He isn't looking forward to it, but for the Rev. Maurice Dingman, the Catholic bishop of Des Moines, "the time is coming" to think about a stretch in jail. He is aware that in the early church, a prison record for defying the Roman Empire was all but a job requirement for a bishop. Dingman knows also that Martin Luther King's most prophetic call to conscience was his "Letter From a Birmingham Jail."
Many people think Dingman deserves to be locked up. At 71, and after being a bishop for 17 years, he is becoming something of an unholy terror. About the Caesars in the Pentagon and their Central America strategies, he wrote last summer that, "We are drifting inevitably toward war. The signs are obvious for all to see." Earlier Dingman took a conspicuous part in a protest outside a Strategic Air Command base in Nebraska. He didn't hop the fence or block the roads, but he gave blessings to the demonstrators who repainted the SAC entrance sign from "peace is our profession" to "war is our profession."
In dozens of sermons, Dingman has spoken out against governmental violence, corporate abuse of power in the Farm Belt, cowardice among politicians and his own personal feelings about the current lack of leaders. As a citizen, he is uneasy: "I look at the United States, and I become fearful."
Dingman himself is seen as a leader; that's what nags at him. In a conversation the other morning in his Des Moines apartment, which is a first- floor walk-in near a poor section of the city, he spoke candidly of the problems of leadership. "Where do you go, and how far do you get ahead of your people?" he asks. "Where do you place yourself?"
In Iowa and the other farm states, Dingman is known as a fierce opponent of the forces destroying family farms. He refers to the land ethic and quotes the teachings of Pope John XXIII and Pope John Paul II. Then he applies the theories to the forced liquidations, bank closings, high interest rates and low prices, suicides and despair that are the nails being hammered into the farmsteads of the Midwest.
Along with other Catholic bishops who are now drafting a pastoral letter on America's flawed economic system, Dingman sees unaccountable financial power as a major threat. "There is a grave temptation in our system of capitalism that a corporation will use the land to its advantages to gain an undue profit. I'm not saying it's wrong to work for a profit, but I say it's terribly hard to control that profit motive. If they can make a dollar, they're usually going to make it. And if it destroys the land, it doesn't matter. But a farmer doesn't view land as a commodity. Farmers understand that land has a social significance. . . . If corporations in Chicago own land in Iowa, do you think they care what happens to the land as long as they're making a profit and can tell their shareholders that they will get big dividends?"

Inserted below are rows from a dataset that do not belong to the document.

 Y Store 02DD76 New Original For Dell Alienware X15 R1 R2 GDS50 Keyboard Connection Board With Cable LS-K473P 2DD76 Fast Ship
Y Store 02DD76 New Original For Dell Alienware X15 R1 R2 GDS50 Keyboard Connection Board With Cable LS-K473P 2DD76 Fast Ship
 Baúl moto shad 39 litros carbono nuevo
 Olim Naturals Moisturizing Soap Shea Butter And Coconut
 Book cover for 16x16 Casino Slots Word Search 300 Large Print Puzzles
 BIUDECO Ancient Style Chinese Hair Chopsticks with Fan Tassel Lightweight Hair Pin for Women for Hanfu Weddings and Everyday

Dingman, the son of a southeast Iowa farm family and whose nephews still work the land in that area, is revered in the Midwest for his role as part patriarch and part hell-raiser. In a February gathering of thousands of farmers at Ames, Dingman quoted the prophets Amos and Isaiah and delivered a fiery speech worthy of his heroes.
Rousing the crowd is one thing, uniting it another. Dingman has been telling the farmers to get over their useless factionalism: "It is difficult to get the farmers to overcome their individualism and to organize themselves. Every other segment of our society organizes, and then they have clout and can get things done. . . . There is need for government legislation, but there is even greater need for a cooperative collective-bargaining approach on the part of the farmers themselves."

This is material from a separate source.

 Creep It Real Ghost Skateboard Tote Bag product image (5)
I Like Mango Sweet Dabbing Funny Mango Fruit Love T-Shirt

Dingman has no political or economic base, only a moral one. He regularly testifies before the agricultural committees of Congress. He is sought out because few regional leaders are in closer touch with the families that are feeling the pain.
By his years and by his achievements -- he was the host for Pope John Paul II in his 1979 visit to an Iowa farm -- Dingman has earned the right to ease up. Instead, he questions himself -- that his commitment is not strong enough, that he has moved gingerly. He recalls waiting 12 years for "the right circumstances" to sell his bishop's mansion and move into an apartment. On the Catholic hierarchy's 1984 peace letter, he says, "I'm disappointed that we didn't move faster."
What hounds a man like Dingman is that the more he hears he is ahead of his people, the more he realizes how far he lags behind his personal goals. The public leader wars with the private idealist. "I'm struggling with wen to retire," he says, "and devote myself to crucial issues full time." Perhaps he will end up in jail after all. If so, his 70s will be the years of reconciliation: of words of defiance with actions of defiance.